I had an old desk lamp with a wiggly switch, picked up for spare change at a garage sale. It had this annoying habit of turning on and off without rhyme or reason. One moment the room would be lit; next moment I’d be sitting in total darkness. Now this old lamp was cunning. It wouldn’t do it often enough to incite replacing. Most of the time — just enough to ensure its survival — the lamp stayed on. Then it would shut off, unannounced, as if a toddler had sneaked in and found the switch. Click. This quirky personality trait was particularly irritating during nighttime reading. I’d be caught up in something good, enjoying myself, lost in the story when suddenly ... darkness. The page was gone, the book vanished; I was yanked right out of the experience, startled away as if by magic.

Of course the book didn’t actually vanish. The light simply turned off. It had to do with an unreliable switch; it was explicable.

So how do we explain this on-again, off-again experience most people have in their search for God? Sometimes God seems so near, but not always. Other times he seems to have gone elsewhere. It’s hard on the heart and soul. I do say seems to, for God never really vanishes, no more than the book I was reading.
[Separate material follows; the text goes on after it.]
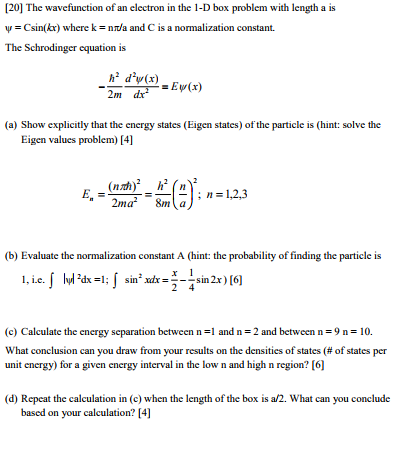 Solved [20] The wavefunction of an electron in the 1-D box | Chegg.com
He’s always, always near:

Be sure of this: I am with you always, even to the end of the age. (Matthew 28:20 NLT)

Never will I leave you; never will I forsake you. (Hebrews 13:5 NIV)

In him we live and move and have our being. (Acts 17:28 NIV)

God surrounds us; we swim in God like we swim in oxygen. He is by your side right this very moment, as you read this sentence. Despite this reality — and what a wonderful reality it is — we don’t always feel him near; don’t have a consistent experience of his presence (some people rarely experience his presence). It can be so disheartening; I hate that rollercoaster.

But I don’t think we understand what’s happening. We think God either presents himself to us or doesn’t, according to some rules of the spiritual game we aren’t entirely sure of. So we go about our days waiting for the next appearance, like people who missed the 5:15 train and are milling about till another one arrives. Like stargazers waiting for the next shooting star.

Yet God is always here — not only around us but within us:

I will ask the Father, and he will give you another Advocate, who will never leave you. He is the Holy Spirit ... he lives with you now and later will be in you ... you will know that I am in my Father, and you are in me, and I am in you. (John 14:16–20 NLT, emphasis added)

Christ will make his home in your hearts as you trust in him (Ephesians 3:17 NLT, emphasis added)

And this is the secret: Christ lives in you. (Colossians 1:27 NLT, emphasis added)

We are never apart from God. He is both around us, and within us. How much closer can he get?